### What you will do
Give the listing again exactly, omitting its images.

----------------------------------------

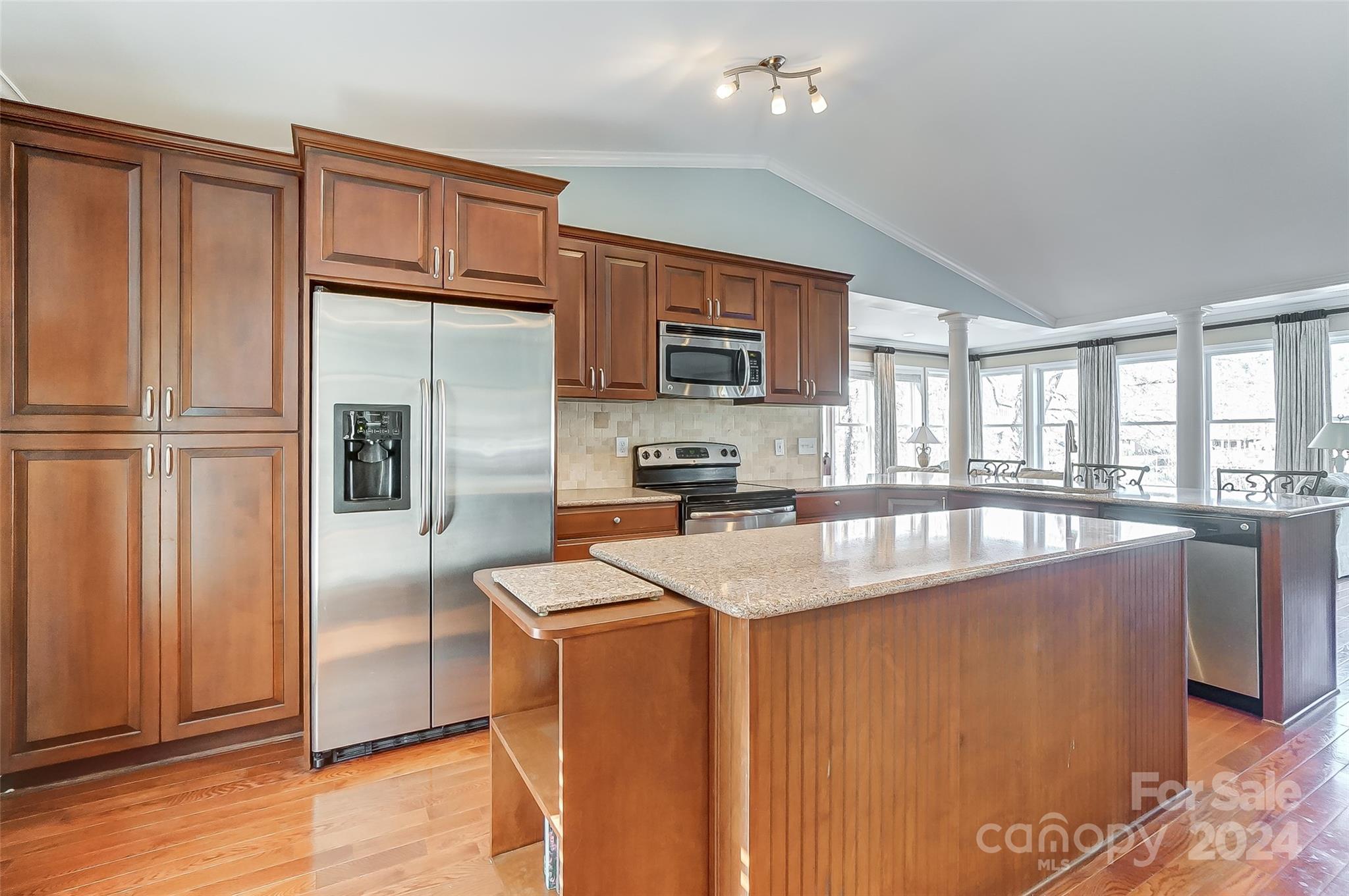 2704 Sadler Road Charlotte, NC 28278 - Photo 12 of 48 Gallery Image 12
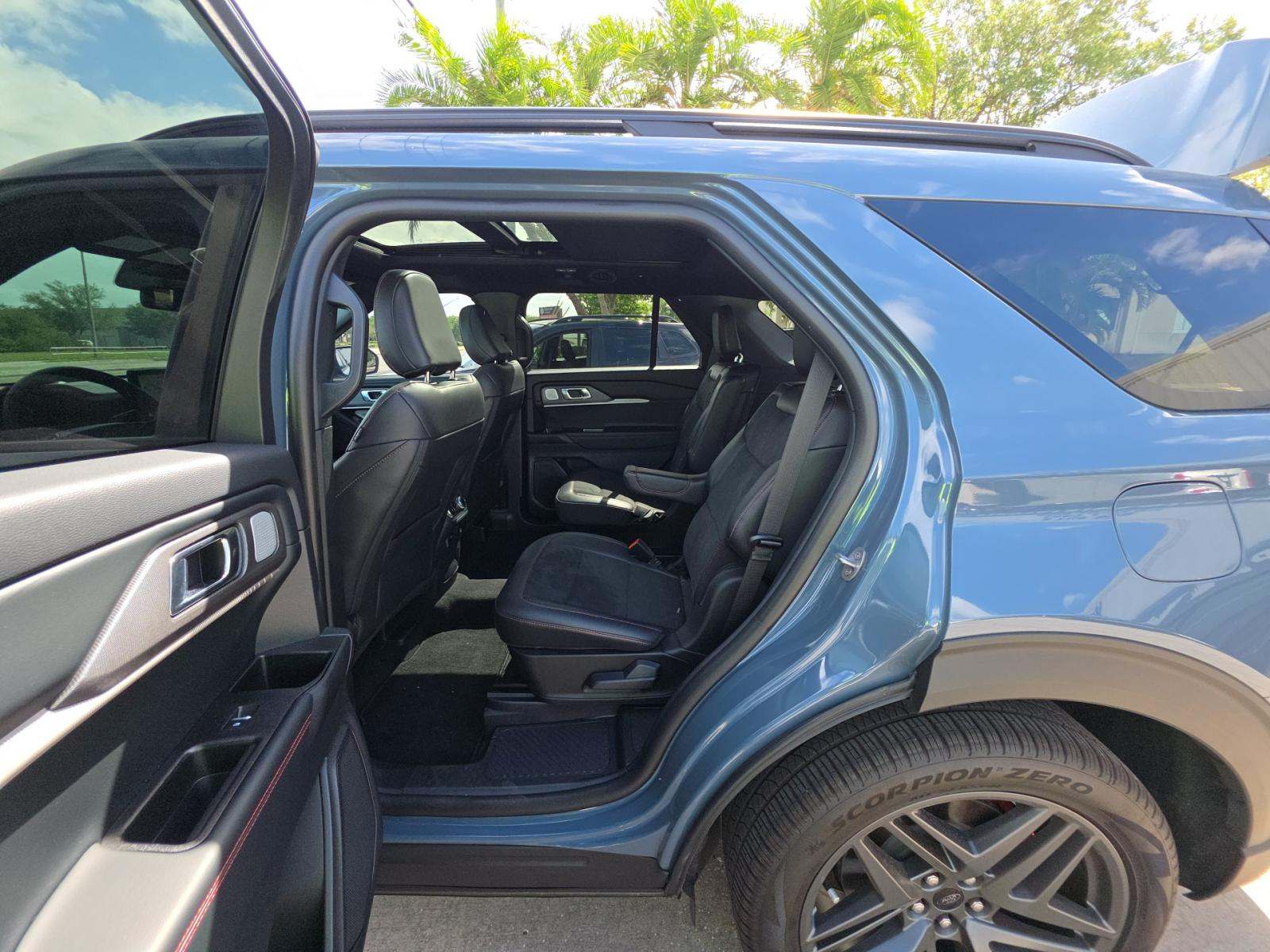 2025 Ford Explorer ST AWD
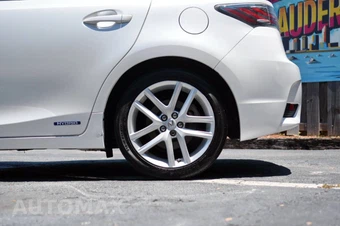 2015 Lexus CT 200h - miniatura 9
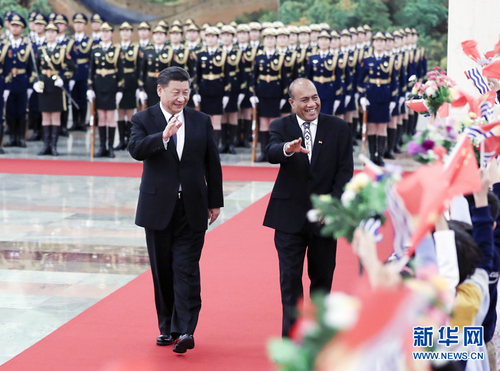 　1月6日，国家主席习近平在北京人民大会堂同基里巴斯总统马茂会谈。这是会谈前，习近平在人民大会堂北大厅为马茂举行欢迎仪式。 新华社记者 丁林 摄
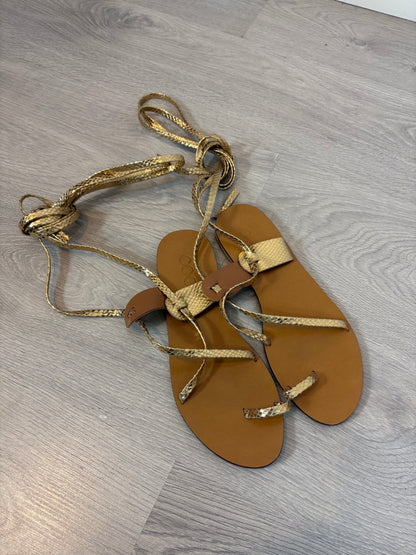 COOSY. Golden strap sandal. T 39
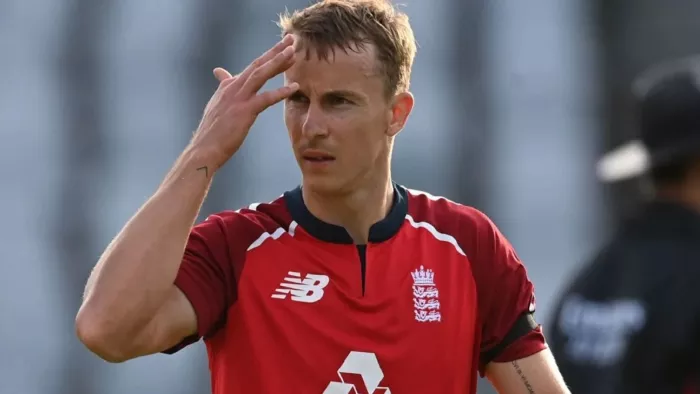Tom Curran पर लगा Big Bash League के 4 मैचों का बैन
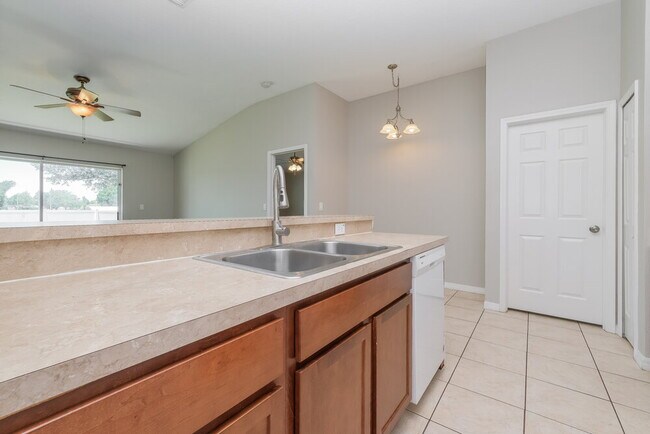 Foto del edificio - 3607 Trapnell Grove Loop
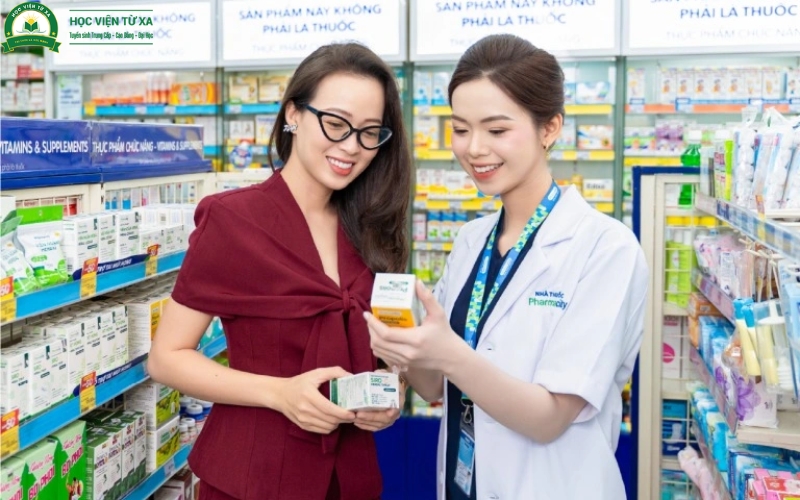 Vì sao nhiều người lựa chọn học từ xa Trung cấp Dược sĩ?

----------------------------------------

### Response box
 2704 Sadler Road Charlotte, NC 28278 - Photo 12 of 48 Gallery Image 12
 2025 Ford Explorer ST AWD
 2015 Lexus CT 200h - miniatura 9
 　1月6日，国家主席习近平在北京人民大会堂同基里巴斯总统马茂会谈。这是会谈前，习近平在人民大会堂北大厅为马茂举行欢迎仪式。 新华社记者 丁林 摄
 COOSY. Golden strap sandal. T 39
Tom Curran पर लगा Big Bash League के 4 मैचों का बैन
 Foto del edificio - 3607 Trapnell Grove Loop
 Vì sao nhiều người lựa chọn học từ xa Trung cấp Dược sĩ?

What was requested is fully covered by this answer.